Dear privacy pros,

I hope that you had a fruitful Data Privacy Day Jan. 28 and were able to partake in some of the festivities.

I attended the Asia-Pacific Region event hosted by the Council of Europe and was glad to hear privacy commissioners from Singapore, the Philippines, Australia and New Zealand speak about initiatives that portend greater interoperability between the EU GDPR framework and regional privacy laws, and potentially more harmonization between frameworks within the region.

One of these initiatives, as alluded to in the last introduction from my colleague Jason, is the endorsement of the ASEAN Data Management Framework and the Model Contractual Clauses for Cross Border Data Flows by the first ASEAN Digital Ministers’ Meeting Jan. 22.

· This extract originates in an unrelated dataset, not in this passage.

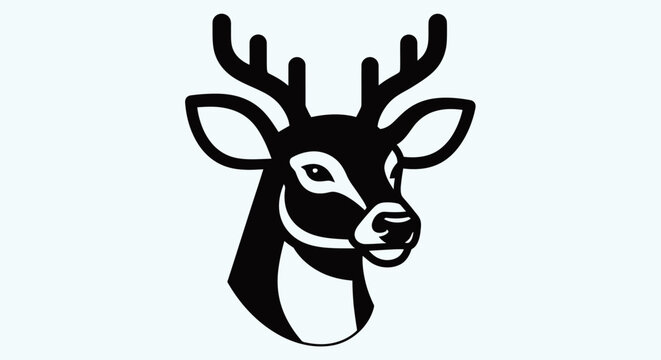 Deer head illustration on white background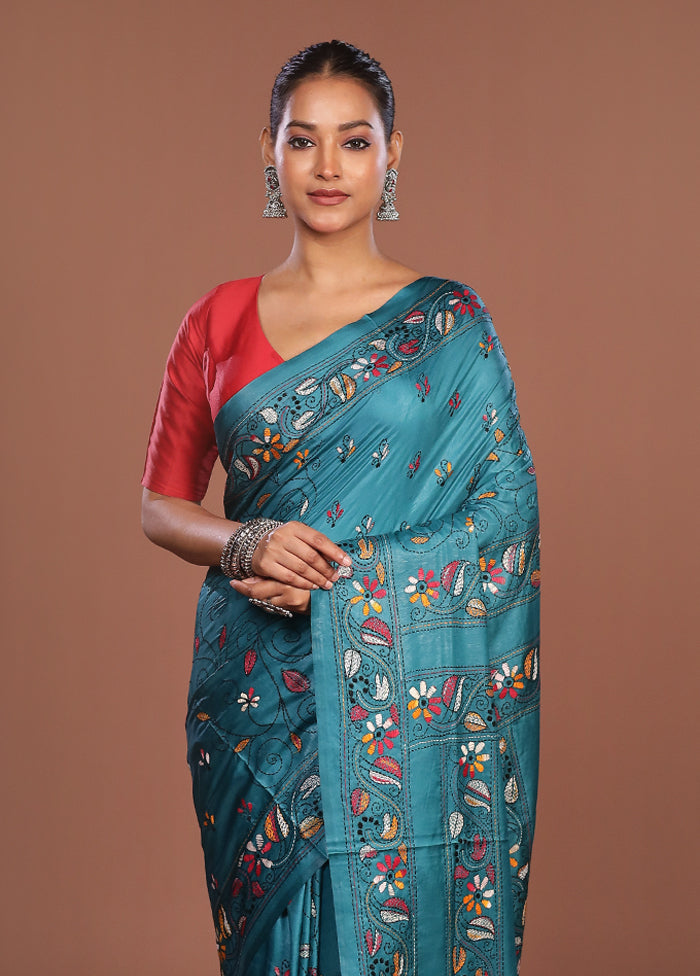 Green Kantha Stitch Silk Saree With Blouse Piece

Besides the additional guidance issued by Singapore's Personal Data Protection Commission to companies who wish to incorporate MCCs into their business contracts, the PDPC also recently updated the Guide on Data Protection Clauses for Agreements Relating to the Processing of Personal Data, which may be relevant to agreements between an organization and a data intermediary processing personal information on its behalf.

For more perspective on the proactive leadership position that the PDPC is taking in the international privacy arena, I highly recommend reading this interview with Commissioner Lew Chuen Hong, as he talks about the PDPC’s role in architecting Singapore’s digital future.

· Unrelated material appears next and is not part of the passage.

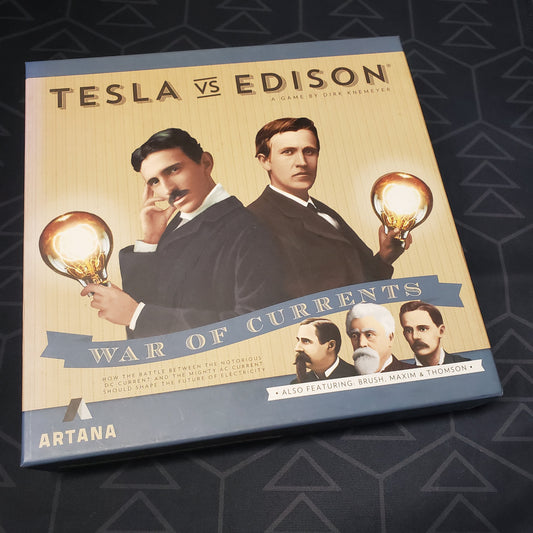 Image shows the front cover of the box of the Tesla vs Edison: War of Currents board game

In other news from Singapore and an update from my last introduction, the government passed a new law that limits the use of contact-tracing data to seven categories of serious offenses, such as murder or terrorism. In a rare move, the Bill was introduced in Parliament with a Certificate of Urgency, which allowed all three readings to happen in one sitting, rather than in separate sessions.

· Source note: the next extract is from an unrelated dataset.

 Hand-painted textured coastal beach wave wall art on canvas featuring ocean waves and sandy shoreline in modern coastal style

While there appears to be lingering doubts and misgivings among members of the public, with some continuing to call for a boycott of the TraceTogether system and others asking for their information to be erased, I think this restriction certainly strikes the right balance between the need to protect personal data and public interest, albeit belatedly. The Singapore government should also be applauded for the honesty displayed in admitting that mistakes were made during the initial rollout, as well as the seriousness and urgency with which it has tackled the subsequent fallout. Finally, credit should be given to the main opposition party for taking a non-partisan stance in supporting the Bill and calling for the continued use of the TraceTogether system.

It is my earnest hope that 2021 will augur greater awareness of privacy issues and growing maturity in handling them, not only within the public and private sector in Singapore but also among the citizenry. Perhaps this might be a good place to start.

To everyone celebrating the upcoming Lunar New Year, I hope that you can have a wonderful time with your families and loved ones, notwithstanding the ongoing restrictions.

Stay happy, stay united and stay safe.